I asked a client what they were interested in working on. What areas they wanted to improve. "Stage presence and content flow," he said.
I had a couple of choices at this point:
Option 1: Respond with, "Okay, so you want to develop charisma and story-telling skills." Now, I might not be incorrect, but I'm making my job harder.
What did I do? The client offered A and I gave them B. I put my own clever spin on their needs. I held up a mirror that no longer reflected them back to them.
What does their brain do? Their brain has to take the picture of the thing they care about (which is loaded with all the painful feelings associated with the experience of lacking stage presence and content flow) and create another picture of what they think I meant by what I said, then experience the feeling this new picture calls up, then compare the two feelings to see if they have a match.
What's the result? The client has an immediate experience of me as someone who doesn't listen. This two-sentence interaction, which takes less than 5 seconds to transpire, communicates that the speaker doesn't understand or doesn't care about what the audience is experiencing.
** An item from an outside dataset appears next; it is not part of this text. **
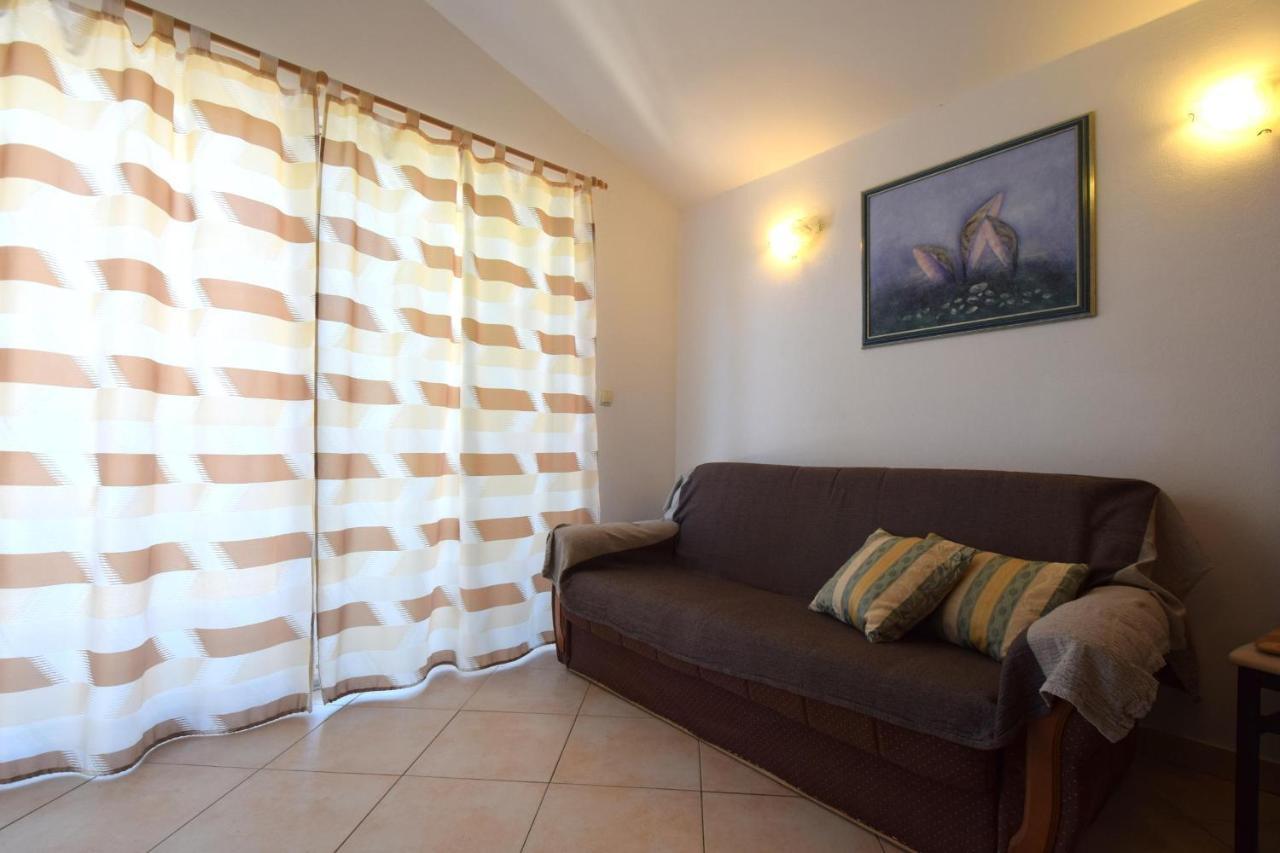Holiday Home Pere Малинска Екстериор снимка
What's so wrong with that? By putting their needs in your words, you introduce a lot of noise in their brain. Making your audience work this hard is, at best, introducing conflict where it doesn't need to be. At worst, you've lost them forever.
Option 2: Respond with, "Okay, so what's your current experience of your stage presence and content flow?"
What did I do? I provided a direct A-to-A mirror of what they offered me, and I ask a question to deepen my understanding of what they mean. My success is connected to my understanding of my clients' current experience and how they would like it to be different. I can't provide value to them if I don't know where they are, and I can't help them exceed their expectations if I refuse to see them.
What does their brain do? When we have our words matched by someone, there's a little part of us that says, "Yes! This person is like me." The brain opens the door to an experience of trust.
What's the result? Our audience feels safe and expresses itself authentically and easily.
What's so wrong with that? Provided the matching is supported by the intention to provide value to the audience, it's a pretty good way to do things.
Bottom line, find out what your audience cares about and give it back to them straight. Your value comes from what you do with the information you gather, not how clever you want them to think you are.